NEW research has revealed that an ‘uplift’ in housebuilding and infrastructure spending is expected to boost the Scottish construction sector this year.
The RICS UK Construction and Infrastructure Market Survey showed a net balance of +37% of Scottish respondents expect workloads to be higher in a year’s time, with public and private housing and infrastructure seen as the areas where activity will increase.
This follows on from a slower end to 2019, when a net balance of just +3% of Scottish respondents reported that workloads were rising in Q4. This was below the UK average of +12%. Respondents cited factors including uncertainty over the next stages of Brexit as impacting on workloads.
Skills shortages continue to be a challenge, with 61% of respondents in Scotland claiming to be experiencing a shortage of quantity surveyors, whilst 53% point to a shortage of other construction professionals. Both figures are above the UK average.
Whilst Scottish surveyors expect overall workloads to rise this year, they are less upbeat than their counterparts south of the border. A bet balance of +16% of Scottish respondents expect employment levels to be higher in 12-months’ time, which is half the UK average. A net balance of +13% of Scottish respondents expect profit margins to increase compared to +21% for the UK as a whole.

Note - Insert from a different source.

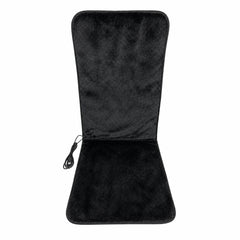 USB Heated Seat &amp; Back Pad — Faux Fur, 45 × 110 cm — variant-black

Commenting on the UK market, Jeffrey Matsu, RICS chief economist said, “The General Election result last month provided a welcome relief to market confidence with the anticipation of additional fiscal spending to be announced at Spring Budget pushing year-ahead workload expectations higher. That said, the yet-to-be-known relationship with the EU has kept the economic outlook fragile which is affecting businesses intentions to invest.”